Il 29 Novembre scorso il Capo di Stato Maggiore delle Forze Armate italiane, il generale Carmine Masiello, ha accusato l’università di Bologna di discriminare l’Italia in divisa, avendo rifiutato l’avvio di un corso di studi filosofici destinato, in esclusiva, a quindici ufficiali (https://www.bolognatoday.it/cronaca/masiello-unibo-rifiuta-corso-per-l-esercito-il-generale-deluso.html).
Accuse rumorose, subito sfruttate dal governo tutto “patria e onore” e dal caravanserraglio della stampa reazionaria, ma del tutto infondate, come ha spiegato bene, con pacatezza e la dovuta attenzione, l’Ateneo felsineo stesso in un comunicato chiarissimo, dai toni molto moderati.
L’ammiraglio
Subito dopo è venuto il turno dell’ammiraglio Giuseppe Cavo Dragone, presidente del comitato militare della NATO (https://en.wikipedia.org/wiki/NATO_Military_Committee), che – in un’intervista rilasciata al Financial Times (https://www.ft.com/content/dbd93caa-3c62-48bb-9eba-08c25f31ab02) – ha detto che la Nato dovrebbe rispondere “in modo più aggressivo” alle minacce ibride della Russia, eseguite con droni e sabotaggi. Sono seguite polemiche su tutti i fronti: i russi hanno definito irresponsabile l’alto ufficiale della NATO, ma persino dal governo italiano s’è levata qualche voce critica.
Le armi, una merce di successo
Come se non bastasse, proprio ieri – 1 dicembre 2025 – il SIPRI (istituto internazionale indipendente con sede a Stoccolma), ha pubblicato il rapporto sull’industria globale degli armamenti, relativo ai dati del 2024 (https://www.sipri.org/media/press-release/2025/sipri-top-100-arms-producers-see-combined-revenues-surge-states-rush-modernize-and-expand-arsenals). Vi si legge che “i ricavi derivanti dalla vendita di armi e servizi militari da parte delle 100 maggiori aziende produttrici di armi sono aumentati del 5,9% nel 2024, raggiungendo la cifra record di 679 miliardi di dollari”.
Informazioni che si aggiungono a quelle fornite due settimane fa dall’Agenzia europea per la difesa, secondo la quale la spesa per ricerca e sviluppo nella difesa nell’Unione Europea è quasi raddoppiata negli ultimi cinque anni, passando da 9 miliardi di euro nel 2020 a 17 miliardi nel 2025.
La protesta degli studenti tedeschi
Un’altra notizia collegata a questo contesto bellicista proviene dalla Germania.
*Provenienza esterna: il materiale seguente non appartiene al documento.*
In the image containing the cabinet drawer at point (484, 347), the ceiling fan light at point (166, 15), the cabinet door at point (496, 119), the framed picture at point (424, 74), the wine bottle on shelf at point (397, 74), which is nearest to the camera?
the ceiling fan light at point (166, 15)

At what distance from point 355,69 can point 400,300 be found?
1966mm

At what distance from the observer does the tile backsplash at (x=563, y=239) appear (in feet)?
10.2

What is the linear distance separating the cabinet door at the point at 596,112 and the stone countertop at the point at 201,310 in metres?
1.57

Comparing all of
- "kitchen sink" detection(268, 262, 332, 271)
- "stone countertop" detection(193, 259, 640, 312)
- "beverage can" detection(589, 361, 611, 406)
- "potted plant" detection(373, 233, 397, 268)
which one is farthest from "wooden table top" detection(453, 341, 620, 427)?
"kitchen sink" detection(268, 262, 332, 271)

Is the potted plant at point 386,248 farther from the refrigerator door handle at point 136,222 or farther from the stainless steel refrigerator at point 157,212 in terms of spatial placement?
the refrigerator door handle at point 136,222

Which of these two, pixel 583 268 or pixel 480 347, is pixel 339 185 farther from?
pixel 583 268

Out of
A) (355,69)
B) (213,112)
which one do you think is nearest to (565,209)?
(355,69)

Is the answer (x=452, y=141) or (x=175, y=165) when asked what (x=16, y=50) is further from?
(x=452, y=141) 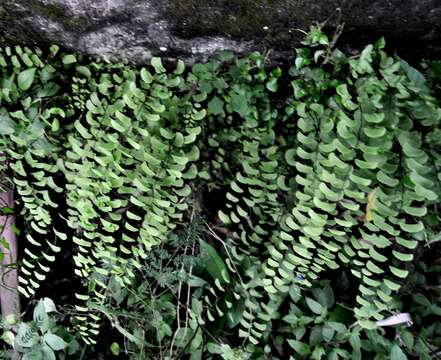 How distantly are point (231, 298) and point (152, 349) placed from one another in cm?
58

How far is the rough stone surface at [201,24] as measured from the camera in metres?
1.51

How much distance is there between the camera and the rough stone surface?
4.95 feet

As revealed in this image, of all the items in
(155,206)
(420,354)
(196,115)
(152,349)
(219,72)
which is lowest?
(152,349)

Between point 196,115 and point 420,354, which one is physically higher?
point 196,115

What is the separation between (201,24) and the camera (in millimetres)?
1654

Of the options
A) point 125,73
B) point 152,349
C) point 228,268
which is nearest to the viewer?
point 125,73

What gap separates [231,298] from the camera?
2158 mm

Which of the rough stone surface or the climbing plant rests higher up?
the rough stone surface

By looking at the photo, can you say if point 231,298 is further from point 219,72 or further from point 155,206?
point 219,72

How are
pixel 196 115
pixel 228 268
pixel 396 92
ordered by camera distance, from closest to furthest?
pixel 396 92
pixel 196 115
pixel 228 268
Là gli studenti si stanno organizzando per contrastare la “voglia di guerra” che ha invaso l’Europa e che ha portato il governo Merz a proporre la reintroduzione del servizio militare di leva. Così venerdì 5 Dicembre, in occasione della discussione parlamentare promossa in merito, è stato organizzato uno “sciopero della scuola” nelle principali città tedesche (https://ilmanifesto.it/sciopero-degli-studenti-tedeschi-contro-la-leva): chi non vuole vestire la divisa sa dove andare.
De nobis fabula narratur
Che cosa c’insegna questa sincronia di asserzioni, dati, informazioni?
Che il mondo in divisa (e in armi) è sempre più pieno di soldi: è un fatto. E poi che i soldi funzionano come un super-stimolante, una potente sostanza psicotropa: non rendono più lucidi, ma solo più aggressivi. E poi ci dimostra, una volta di più, che i generali non sono contenti quando qualcuno gli risponde con un “No”. Se amano tanto il “sissignore” è perché le stellette frequentemente mascherano l’insensatezza della gerarchia militare che simboleggiano.